# HOW TO COMPLETE THIS TASK
In the records below, the line containing "Geger, Warga Pomalaa" is the first to keep. Retype it and all later lines exactly, through the end.

# INPUT DATA

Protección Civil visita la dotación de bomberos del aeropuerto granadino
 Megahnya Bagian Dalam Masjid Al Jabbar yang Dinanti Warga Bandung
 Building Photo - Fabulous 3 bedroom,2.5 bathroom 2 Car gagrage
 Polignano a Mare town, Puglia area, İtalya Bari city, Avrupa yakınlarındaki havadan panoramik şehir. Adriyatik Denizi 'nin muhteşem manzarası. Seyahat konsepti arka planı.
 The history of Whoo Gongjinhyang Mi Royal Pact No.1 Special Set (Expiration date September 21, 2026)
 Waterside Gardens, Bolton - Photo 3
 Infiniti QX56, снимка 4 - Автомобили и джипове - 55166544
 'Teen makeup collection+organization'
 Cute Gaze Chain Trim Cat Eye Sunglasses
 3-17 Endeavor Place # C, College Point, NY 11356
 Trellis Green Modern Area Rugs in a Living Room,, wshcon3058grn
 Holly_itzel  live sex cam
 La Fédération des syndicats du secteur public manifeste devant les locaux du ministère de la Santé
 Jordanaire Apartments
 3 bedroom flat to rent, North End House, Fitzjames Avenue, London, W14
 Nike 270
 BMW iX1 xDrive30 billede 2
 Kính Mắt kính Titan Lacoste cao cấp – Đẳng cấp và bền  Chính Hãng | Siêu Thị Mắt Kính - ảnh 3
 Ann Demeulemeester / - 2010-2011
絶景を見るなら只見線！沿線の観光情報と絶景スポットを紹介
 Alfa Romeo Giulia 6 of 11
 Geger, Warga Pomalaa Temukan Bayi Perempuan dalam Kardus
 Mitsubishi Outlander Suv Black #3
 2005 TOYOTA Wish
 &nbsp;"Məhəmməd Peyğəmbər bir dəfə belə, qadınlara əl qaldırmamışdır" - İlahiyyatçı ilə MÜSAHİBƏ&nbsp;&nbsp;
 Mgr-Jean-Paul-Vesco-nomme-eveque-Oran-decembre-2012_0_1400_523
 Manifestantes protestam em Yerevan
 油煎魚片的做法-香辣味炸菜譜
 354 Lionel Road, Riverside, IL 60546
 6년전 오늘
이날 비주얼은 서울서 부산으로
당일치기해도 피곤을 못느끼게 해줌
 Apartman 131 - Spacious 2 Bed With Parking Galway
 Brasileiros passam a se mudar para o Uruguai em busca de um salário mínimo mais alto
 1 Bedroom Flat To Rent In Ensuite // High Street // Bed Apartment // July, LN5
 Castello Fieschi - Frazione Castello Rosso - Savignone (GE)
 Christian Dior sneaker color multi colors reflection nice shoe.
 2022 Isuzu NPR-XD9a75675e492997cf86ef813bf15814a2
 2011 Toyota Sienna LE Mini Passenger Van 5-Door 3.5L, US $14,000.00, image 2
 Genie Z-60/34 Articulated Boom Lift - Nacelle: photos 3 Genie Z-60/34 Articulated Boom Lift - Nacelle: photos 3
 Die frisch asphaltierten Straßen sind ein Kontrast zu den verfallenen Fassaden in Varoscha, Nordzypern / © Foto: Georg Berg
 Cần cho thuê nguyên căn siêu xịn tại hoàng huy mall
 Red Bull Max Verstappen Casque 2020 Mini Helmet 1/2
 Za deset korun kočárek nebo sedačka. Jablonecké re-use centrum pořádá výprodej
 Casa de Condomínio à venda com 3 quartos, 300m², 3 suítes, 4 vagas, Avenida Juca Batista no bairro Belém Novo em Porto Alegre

# RESULT BELOW
 Geger, Warga Pomalaa Temukan Bayi Perempuan dalam Kardus
 Mitsubishi Outlander Suv Black #3
 2005 TOYOTA Wish
 &nbsp;"Məhəmməd Peyğəmbər bir dəfə belə, qadınlara əl qaldırmamışdır" - İlahiyyatçı ilə MÜSAHİBƏ&nbsp;&nbsp;
 Mgr-Jean-Paul-Vesco-nomme-eveque-Oran-decembre-2012_0_1400_523
 Manifestantes protestam em Yerevan
 油煎魚片的做法-香辣味炸菜譜
 354 Lionel Road, Riverside, IL 60546
 6년전 오늘
이날 비주얼은 서울서 부산으로
당일치기해도 피곤을 못느끼게 해줌
 Apartman 131 - Spacious 2 Bed With Parking Galway
 Brasileiros passam a se mudar para o Uruguai em busca de um salário mínimo mais alto
 1 Bedroom Flat To Rent In Ensuite // High Street // Bed Apartment // July, LN5
 Castello Fieschi - Frazione Castello Rosso - Savignone (GE)
 Christian Dior sneaker color multi colors reflection nice shoe.
 2022 Isuzu NPR-XD9a75675e492997cf86ef813bf15814a2
 2011 Toyota Sienna LE Mini Passenger Van 5-Door 3.5L, US $14,000.00, image 2
 Genie Z-60/34 Articulated Boom Lift - Nacelle: photos 3 Genie Z-60/34 Articulated Boom Lift - Nacelle: photos 3
 Die frisch asphaltierten Straßen sind ein Kontrast zu den verfallenen Fassaden in Varoscha, Nordzypern / © Foto: Georg Berg
 Cần cho thuê nguyên căn siêu xịn tại hoàng huy mall
 Red Bull Max Verstappen Casque 2020 Mini Helmet 1/2
 Za deset korun kočárek nebo sedačka. Jablonecké re-use centrum pořádá výprodej
 Casa de Condomínio à venda com 3 quartos, 300m², 3 suítes, 4 vagas, Avenida Juca Batista no bairro Belém Novo em Porto Alegre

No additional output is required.